** WHAT TO PRODUCE **
Please repeat the listing below exactly, but do not include its pictures.

** DATA PROVIDED **

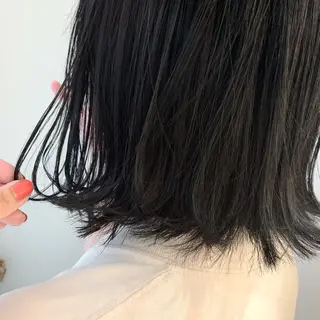 ミディアム カラー fio マナミのヘアスタイル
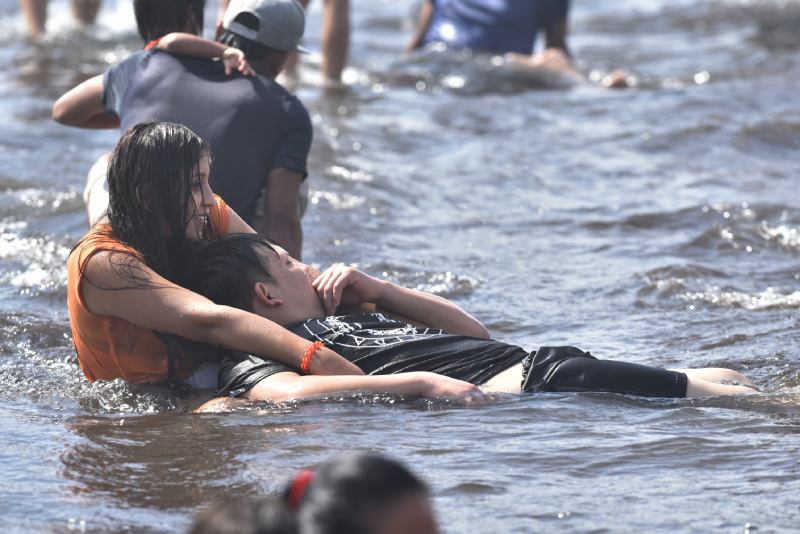 Turistas en playa El Majahual y El Tunco recibiendo el ao 2025.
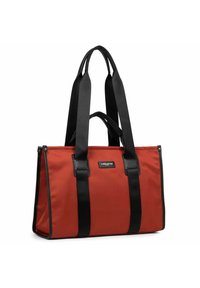 Borsa tote in nylon rosso con manici in tessuto nero. Presenta una forma rettangolare e una superficie leggermente strutturata. Include una patch con il logo sul fronte.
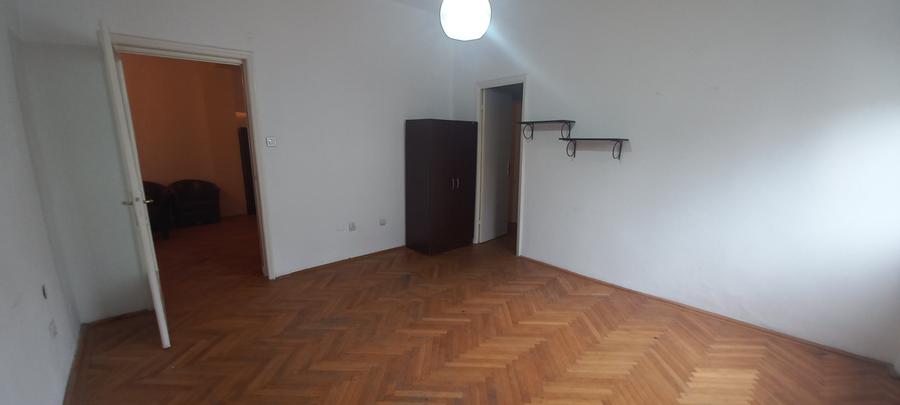 Apartament cu 3 camere decomandat în P-ța Universității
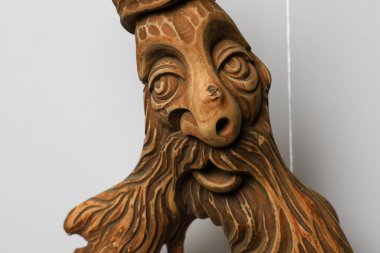 5 Aralık 2023 Balti Moldova. Kök plastiği tarzında dekoratif ahşap oyma heykelleri. Arka plan. Yakın plan. Alışılmadık bir hobi..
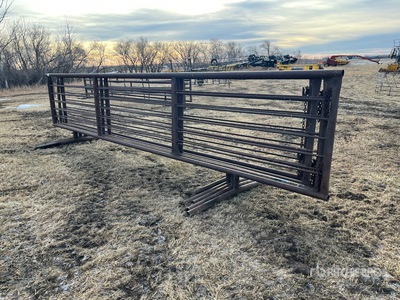 Quantity of (5) 24 ft x 5 ft 5 in Free Standing Viehzuchtgremium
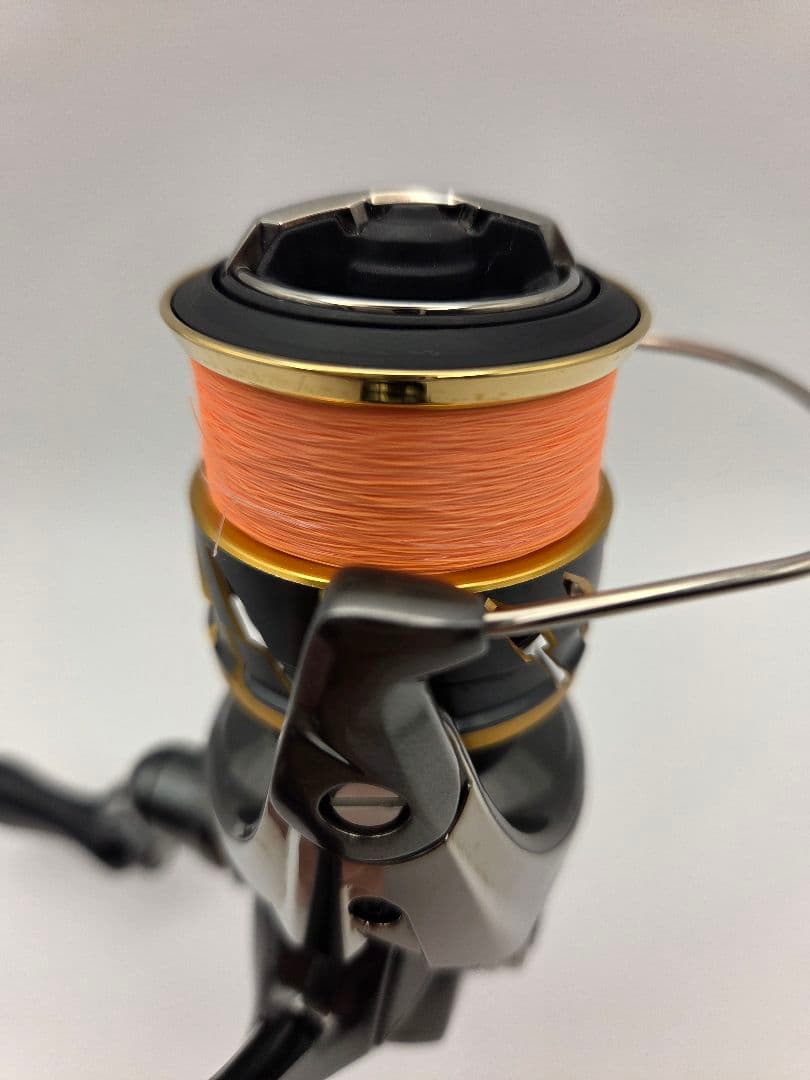 SHIMANO TWIN POWER C2000S スピニングリール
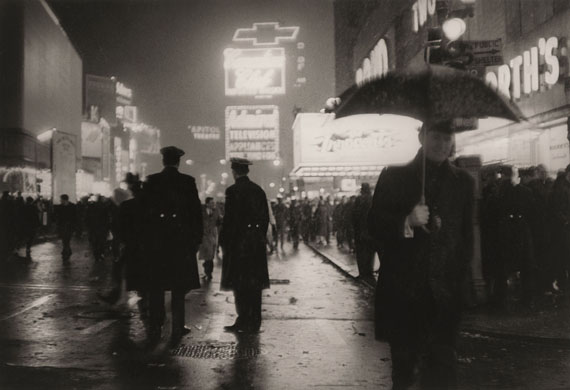 Sabine Weiss: Times Square, New York, 1962 © Sabine Weiss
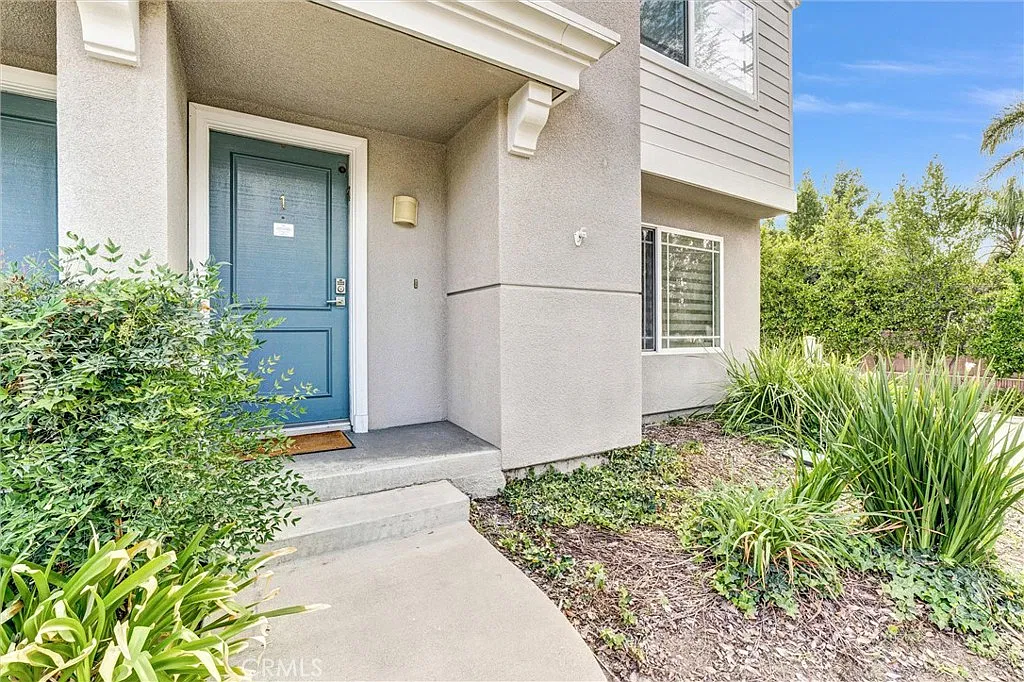 3 bed, 1423 sqft, $4,000 — Photo 2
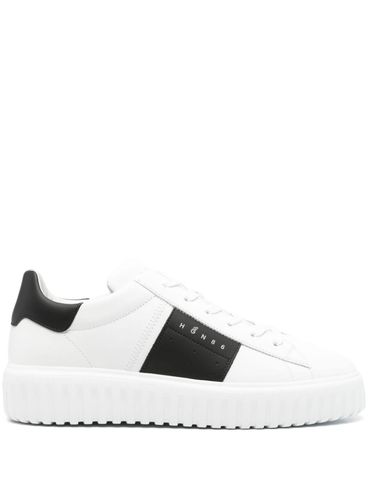 Sneakers in pelle di vitello bianca con logo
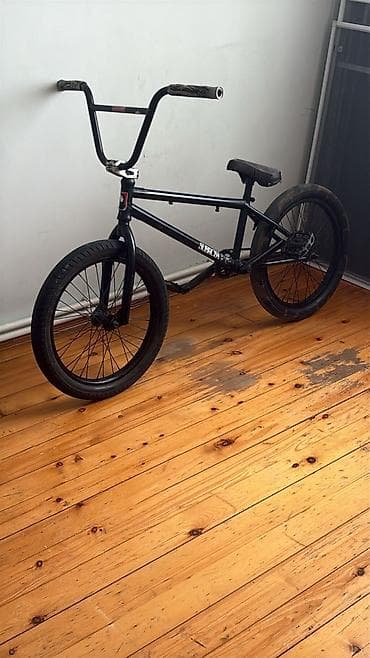 velasped: BMX velosiped.
Əlavə məlumat üçün yazın və ya zəng edin — 2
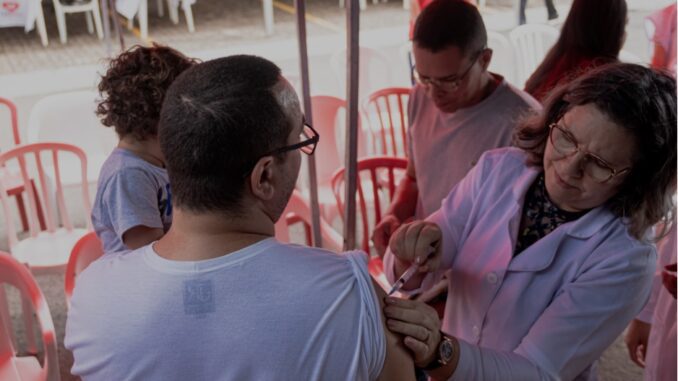 VACINA-CONTRA-INFLUENZA-PREFCG_SESAU_ELIAS-CAMPOS-11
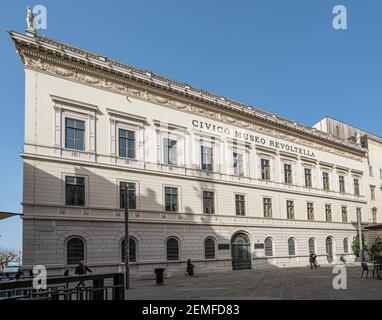 Triest, Italien. 24. Februar 2021. Außenansicht des Revoltella-Museumsgebäudes im Stadtzentrum Stockfoto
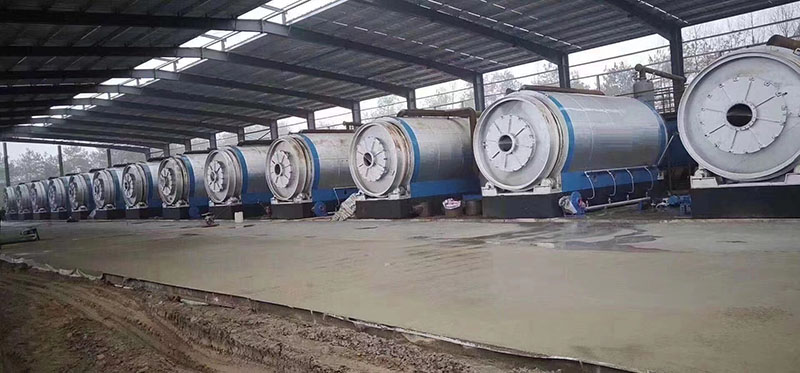 大型廢輪胎煉油設(shè)備用戶現(xiàn)場(chǎng)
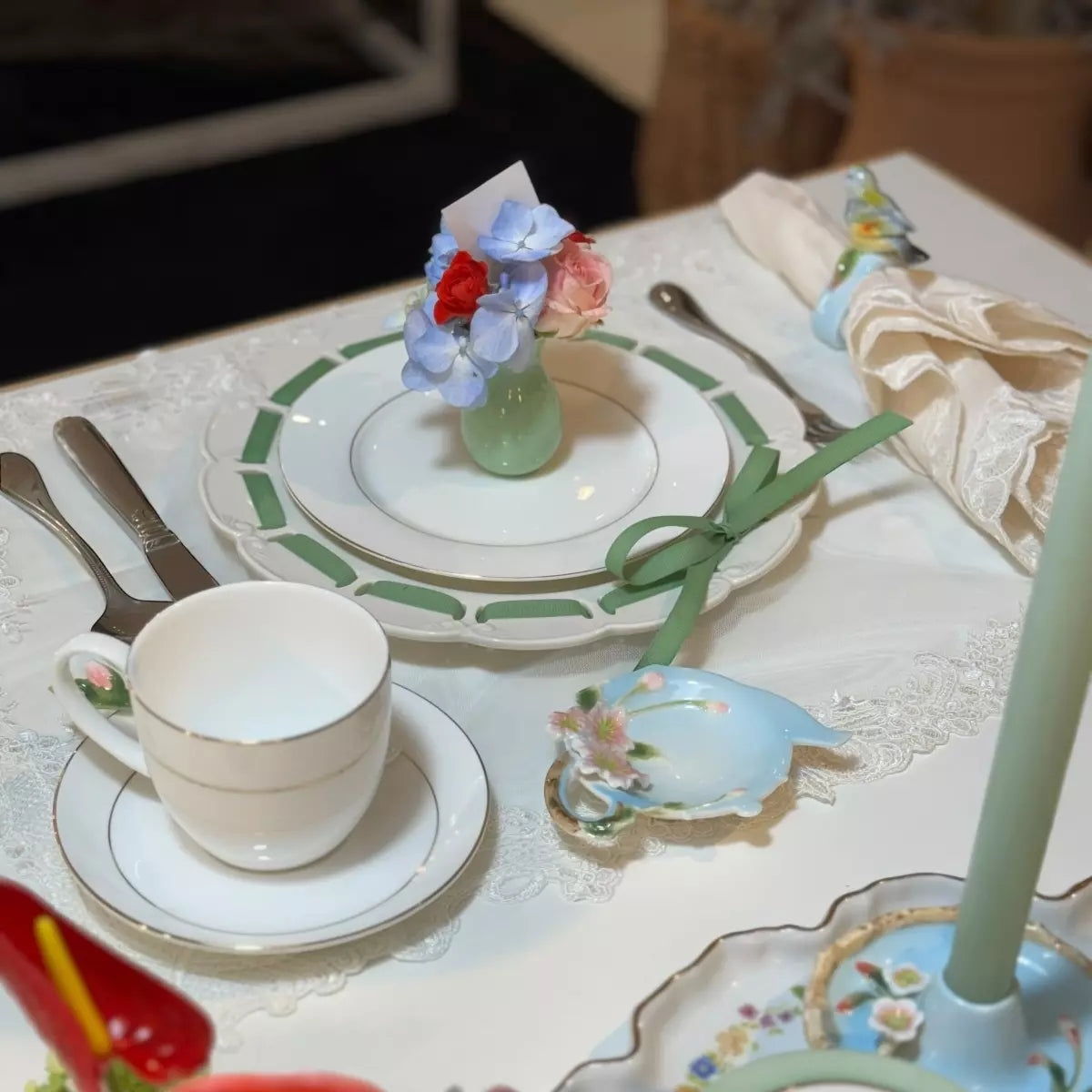 Sousplat Chá Sara em Porcelana Passa Fita e Arabescos 26cm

** TASK OUTPUT **
 ミディアム カラー fio マナミのヘアスタイル
 Turistas en playa El Majahual y El Tunco recibiendo el ao 2025.
 Borsa tote in nylon rosso con manici in tessuto nero. Presenta una forma rettangolare e una superficie leggermente strutturata. Include una patch con il logo sul fronte.
 Apartament cu 3 camere decomandat în P-ța Universității
 5 Aralık 2023 Balti Moldova. Kök plastiği tarzında dekoratif ahşap oyma heykelleri. Arka plan. Yakın plan. Alışılmadık bir hobi..
 Quantity of (5) 24 ft x 5 ft 5 in Free Standing Viehzuchtgremium
 SHIMANO TWIN POWER C2000S スピニングリール
 Sabine Weiss: Times Square, New York, 1962 © Sabine Weiss
 3 bed, 1423 sqft, $4,000 — Photo 2
 Sneakers in pelle di vitello bianca con logo
 velasped: BMX velosiped.
Əlavə məlumat üçün yazın və ya zəng edin — 2
 VACINA-CONTRA-INFLUENZA-PREFCG_SESAU_ELIAS-CAMPOS-11
 Triest, Italien. 24. Februar 2021. Außenansicht des Revoltella-Museumsgebäudes im Stadtzentrum Stockfoto
 大型廢輪胎煉油設(shè)備用戶現(xiàn)場(chǎng)
 Sousplat Chá Sara em Porcelana Passa Fita e Arabescos 26cm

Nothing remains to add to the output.